Web Scraping with Google App Engine

Here is a quick tutorial on how you can scrape google search results asynchronously with app engine and caching its result in memcache. You should not use this directly because you can get blocked by google, this is just a sample for you on scraping web pages, feeds, xml, etc.

But if you do want to do something like this, I recommend adding delays, and act more like a human on your scrapes. But I believe that is against their TOS.

I added the use of async here for people who don't know how to use them yet so they can learn in the process.
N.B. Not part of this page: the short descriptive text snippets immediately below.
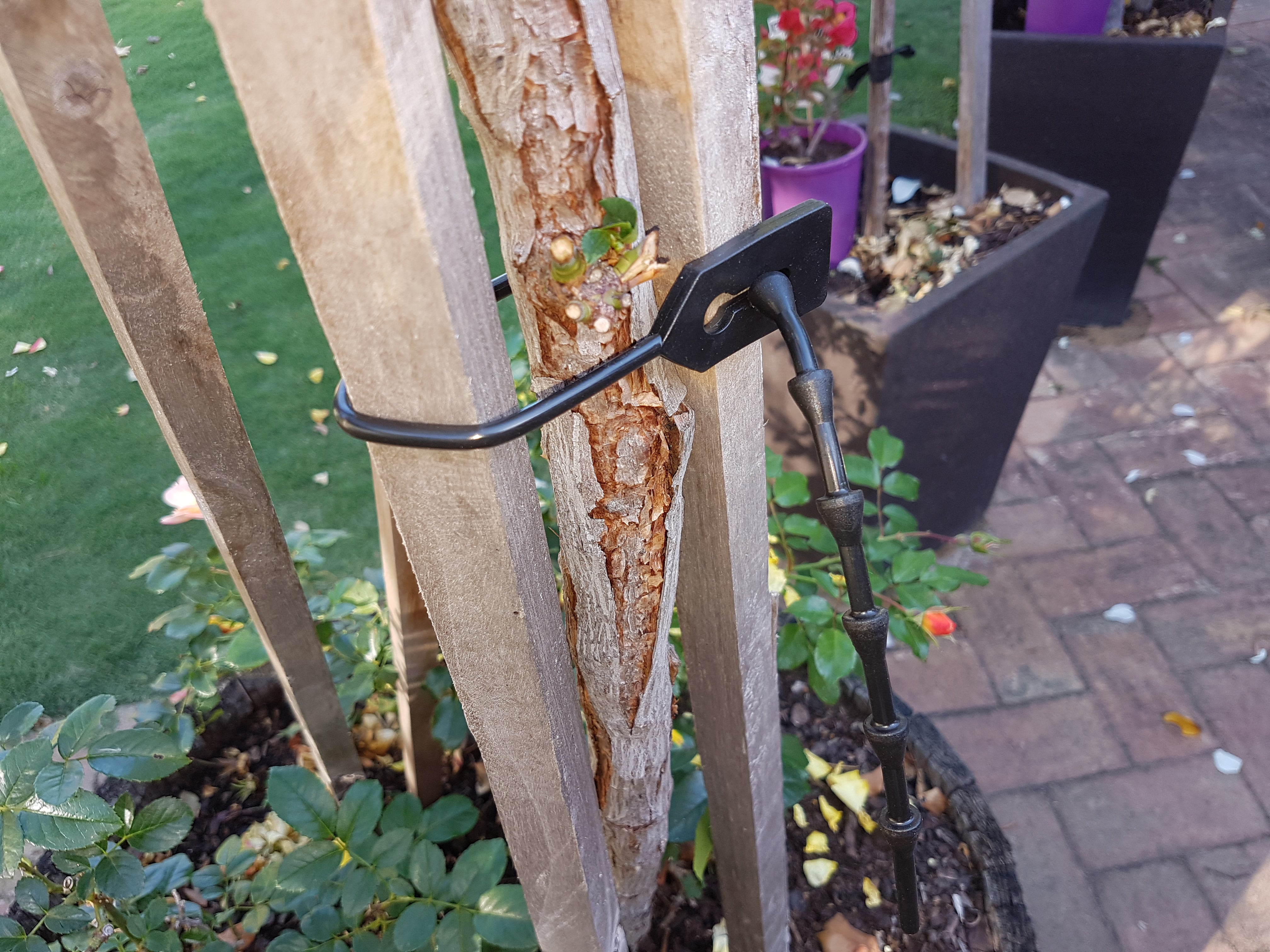 Tree ties - Growinbag By GrowInnovate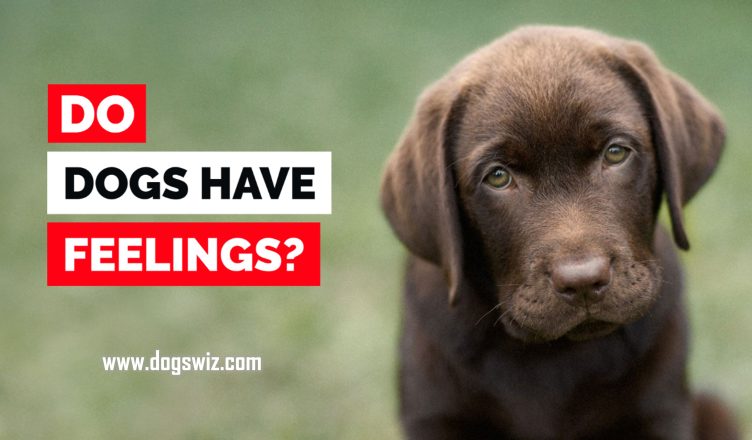 Do Dogs Have Feelings? 10 Common Emotions Your Dog Feels Just Like You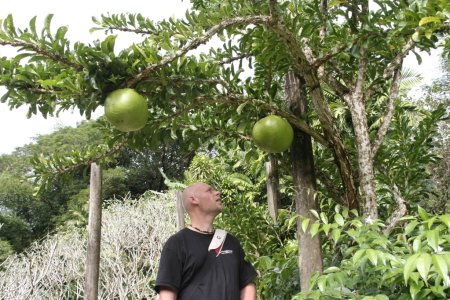 Twee kale bollen, garden of the sleeping giant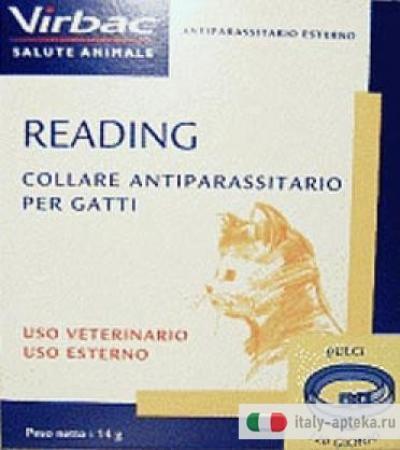 Collare reading per gatti gr 14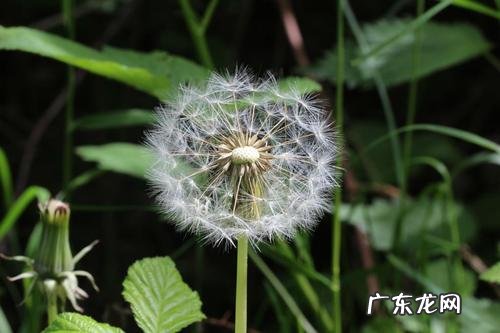 像蒲公英一样会飞的植物图片 像蒲公英一样会飞的植物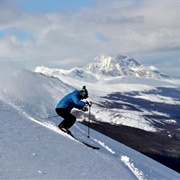 Cerro Castor, Tierra Del Fuego, Patagonia, Argentina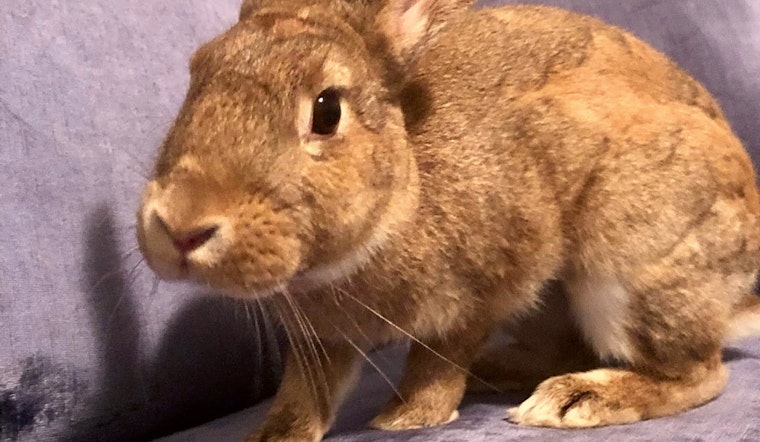 4 lovable rabbits to adopt now in Baltimore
The code below is a complete working google search scraper, read the code comments to understand everything.

This is all done with python 2.7 with ndb

app.yaml
application: your-application-id
version: 1
runtime: python27
api_version: 1
threadsafe: true

handlers:
- url: /.*
  script: main.app

libraries:
- name: lxml
  version: latest
main.py
import urllib
from urlparse import urlparse, parse_qs
from google.appengine.ext import webapp, ndb
from lxml import html

# make the function an ndb.tasklet so you don't need to wait for each search
@ndb.tasklet
def search_google_async(keyword):
    """
    ndb has all the async methods of memcache & urlfetch
    and tries to auto batch everything behind the scenes
    """
    ctx = ndb.get_context()
    url = 'http://www.google.com/search?' + urllib.urlencode({ 'q' : keyword })
    """
    if you don't know yield, you should read up on it a bit, google yield and generators with python
    simple explanation: your function will stop here and do all the operations in batches
    then continue on with the next yields
    """
    # check first if you already cached the results
    cache = yield ctx.memcache_get(url)
    if cache:
        """
        tasklets returns by raising an exception so converting a normal function to its async
        counterpart you just add yield before any async calls
        then change return to raise
        """
        # if you did return the cached results
        raise ndb.Return(cache)

    # we use async method of urlfetch from ndb context
    response = yield ctx.urlfetch(url)

    links = []
    if response.status_code == 200:
        raw_html = response.content
        # use the lxml library to convert the string to dom
        dom = html.fromstring(raw_html)
        # use a css selector to get all anchor tags
        anchors = dom.cssselect('a')
        for anchor in anchors:
            # get its href attribute
            link = anchor.get('href')
            """
            since google put all the results like this,
            you can probably do a[href^=/url?q=] on the css selector
            """
            if link.startswith('/url?q='):
                # we get the query string q= you can do this however you want
                # it stores the url of the results
                parsedUrl = urlparse('http://www.google.com' + link)
                queryStr = parse_qs(parsedUrl.query)
                links.append(queryStr['q'])
        
        """
        now we set the results in memcache with url key and value of list of links
        you can remove yield here and batch all of it later since we have
        app = ndb.toplevel(app)
        meaning it will not terminate until all async methods are finished
        """
        yield ctx.memcache_set(url, links)
        
    # we return the links of result
    raise ndb.Return(links)

class MainHandler(webapp.RequestHandler):

    def get(self):
        keywords = [
            'how to make pizza',
            'where can i buy a dog',
            'how big is the grand canyon'
        ]
        """
        an ndb.tasklet return sets of futures
        so we get them all then do everything with as little
        as possible calls, let the ndb stuff handle the batching
        """
        futures = []
        for keyword in keywords:
            futures.append(search_google_async(keyword))
        # so here is where everything waits for the results
        ndb.Future.wait_all(futures)
        # you call .get_result() which is the value you raised/returned in your tasklet
        self.response.out.write([future.get_result() for future in futures])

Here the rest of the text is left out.